What is a Lossy Compression?
Lossy compression is the use of human beings' insensitivity to certain frequency components in images or sound waves, allowing some information to be lost during compression; although the original data cannot be fully recovered, the impact of the lost part on understanding the original image is reduced , But in exchange for a much larger compression ratio.
- Lossy compression is the use of human beings' insensitivity to certain frequency components in images or sound waves, allowing some information to be lost during compression; although the original data cannot be fully recovered, the impact of the lost part on understanding the original image is reduced , But in exchange for a much larger compression ratio.
- Lossy compression is widely used in the compression of voice, image and video data.
Lossy compression overview
- Lossy compression, also known as destructive data compression in Taiwan, Hong Kong, and Macau.
- Common sound, image, and video compression are basically lossy.
- In multimedia applications, common compression methods are: PCM (pulse code modulation
- Lossy compression
- mp3, dlX, Xvid, jpeg, rm, rmvb, wma, wmv, etc. are all lossy compression.
- The lossy data compression method is a compression method in which the compressed and decompressed data is different from the original data but is very close. Lossy data compression, also known as destructive compression, compresses secondary information data, sacrificing some quality to reduce the amount of data, and increasing the compression ratio. This method is often used in the Internet, especially in the field of streaming media and telephone. It is often referred to as codec in this article. It is a compression method corresponding to lossless data compression. Depending on the design of the various formats, there is a generationloss for lossy data compression: both compressed and decompressed files will bring a gradual quality degradation.

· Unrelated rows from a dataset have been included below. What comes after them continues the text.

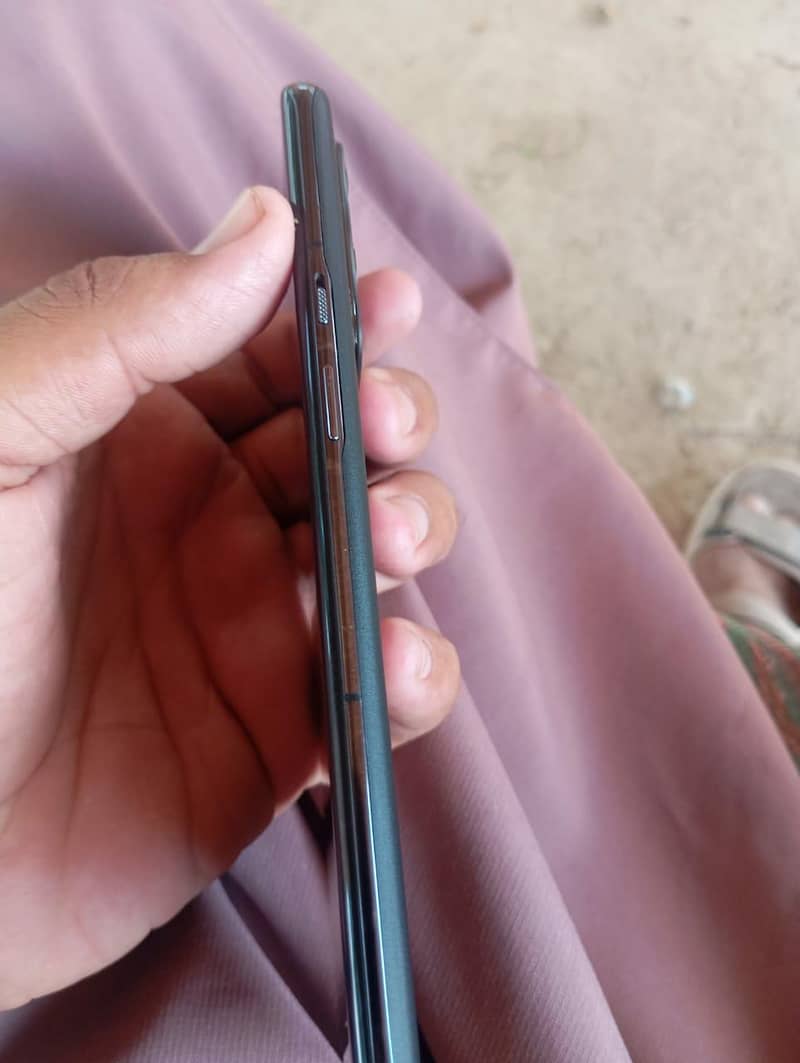 One Plus 9 Pro 5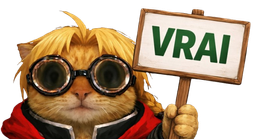:Edward_chat_lunette_vrai:
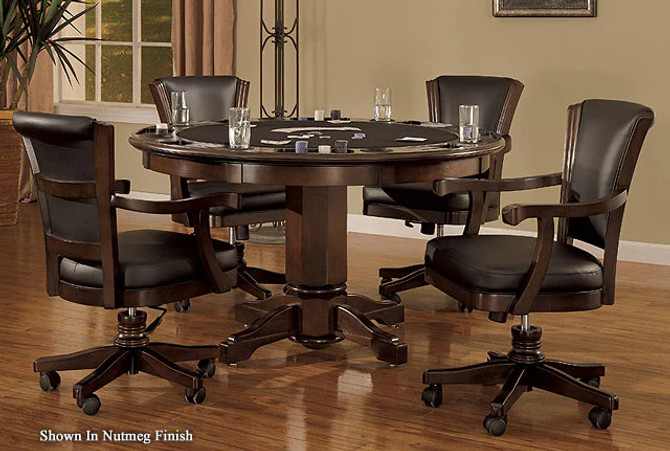 Elite Gas Lift Game Chair | Modern Series | Matching | Legacy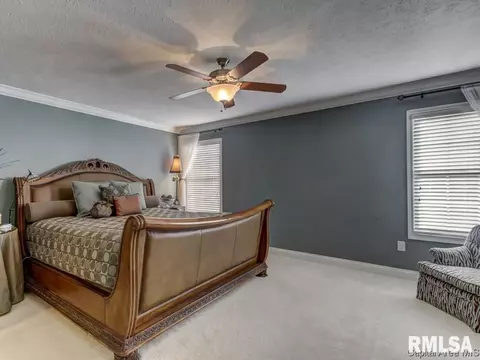 2707 Covered Wagon Trl, Springfield, IL 62711 photo 17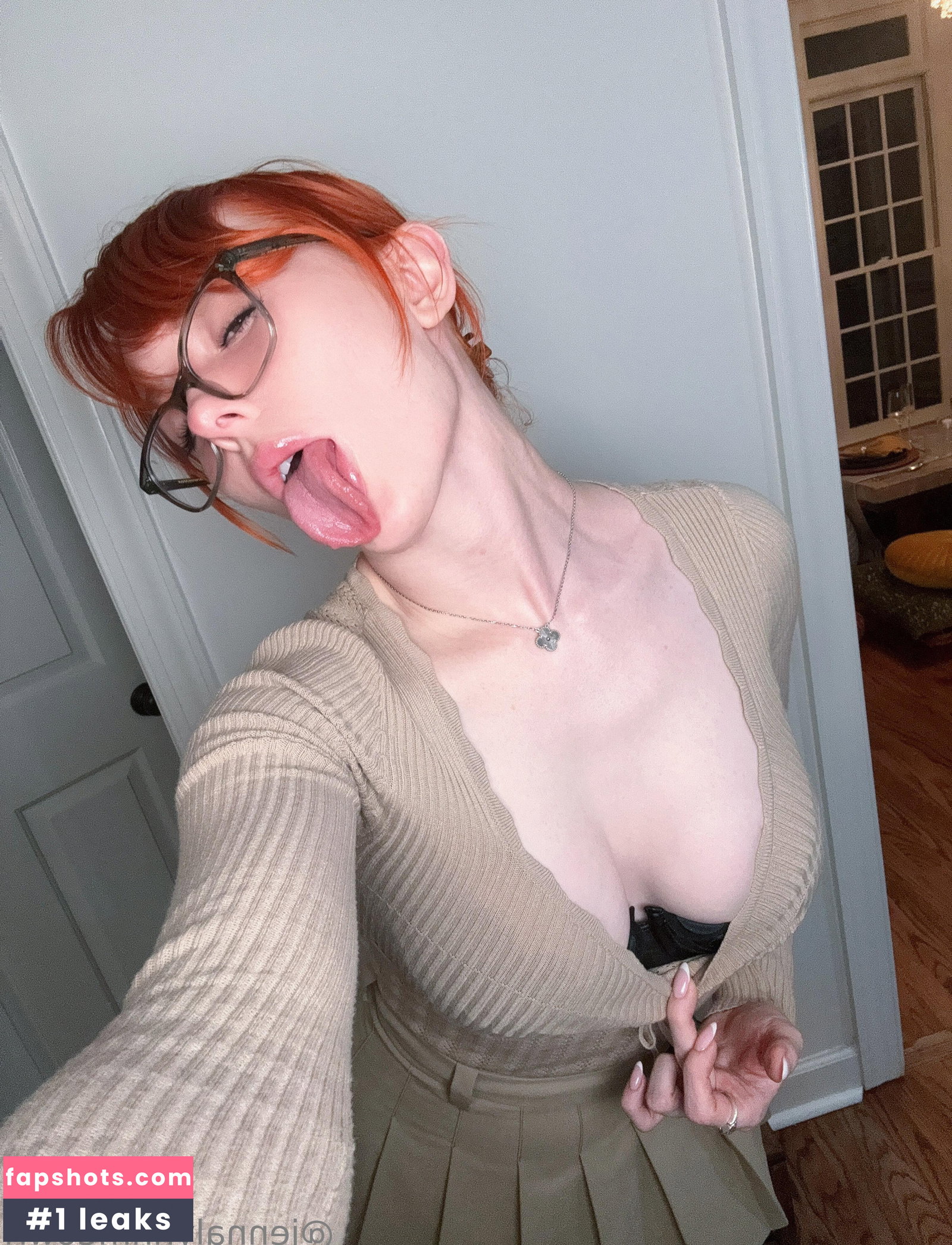 Jenna Lynn Meowri gallery photo #2903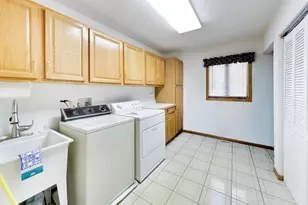 37292 N Stanton Point Rd, Ingleside, IL 60041 - Photo 18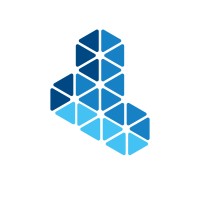 Beaconstructs Limited logo - Similar company to Sunrise Estate Development Ltd.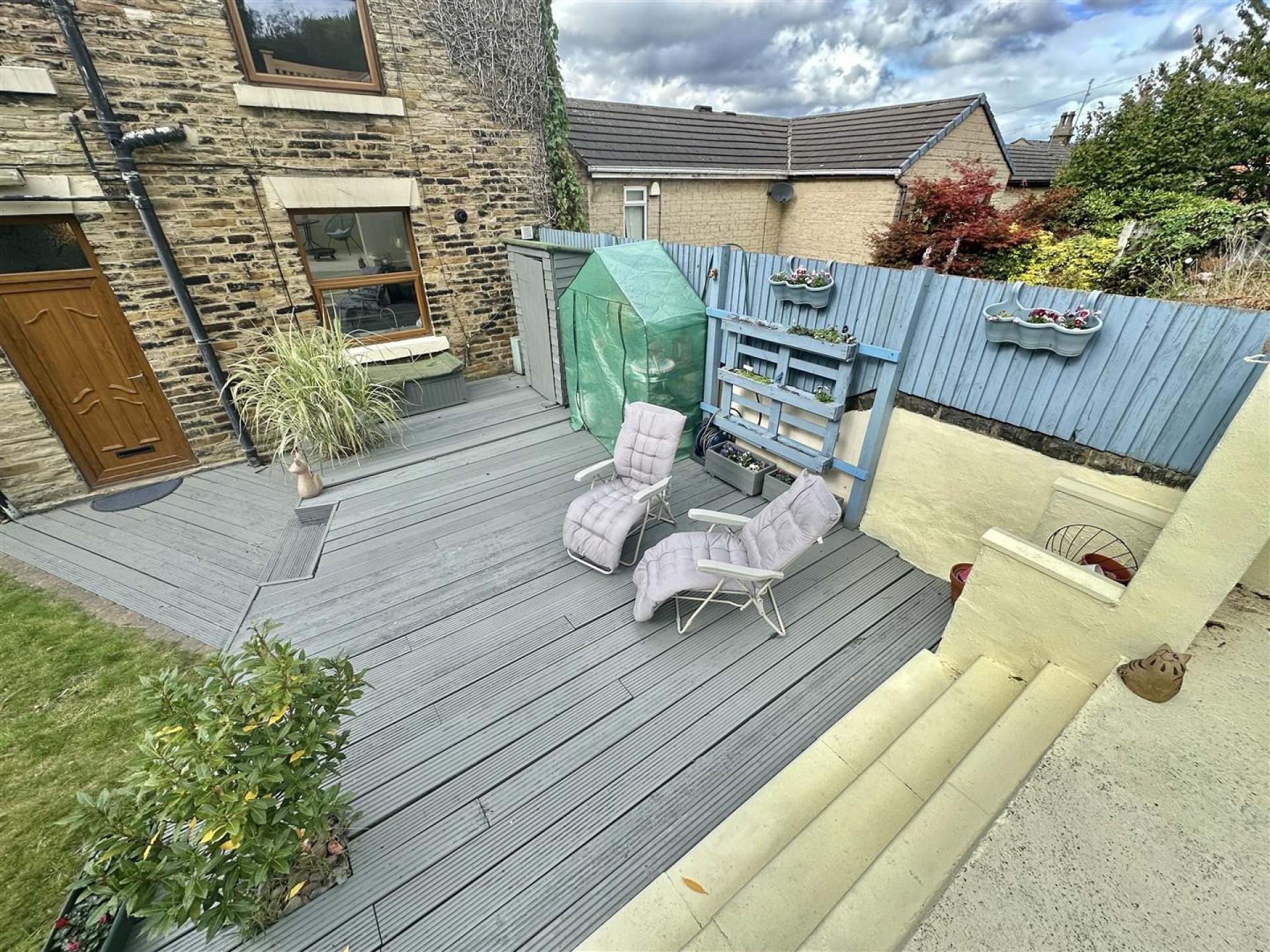 Images for Kilpin Hill Lane, Dewsbury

- Defects caused by lossy compression that can be perceived by the human eye or human ear are called compression artifacts (en: compressionartifact).
Lossless compression
- Lossless compression is the compression of the file itself. As with the compression of other data files, it optimizes the data storage method of the file. It uses an algorithm to represent duplicate data information. The file can be completely restored without affecting the content of the file. In terms of images, there is no loss of image details.
- The basic principle is that the same color information only needs to be saved once. The software that compresses an image first determines which areas of the image are the same and which are different. Images that include repeated data (such as blue sky) can be compressed, and only the start and end points of the blue sky need to be recorded. But blue may have different depths, and the sky may sometimes be covered by trees, peaks, or other objects, and these need to be recorded separately. In essence, the lossless compression method can delete some duplicate data and greatly reduce the size of the image to be saved on the disk. However, the lossless compression method cannot reduce the memory consumption of the image, because when the image is read from the disk, the software will fill in the missing pixels with appropriate color information. If you want to reduce the amount of memory your image uses, you must use a lossy compression method.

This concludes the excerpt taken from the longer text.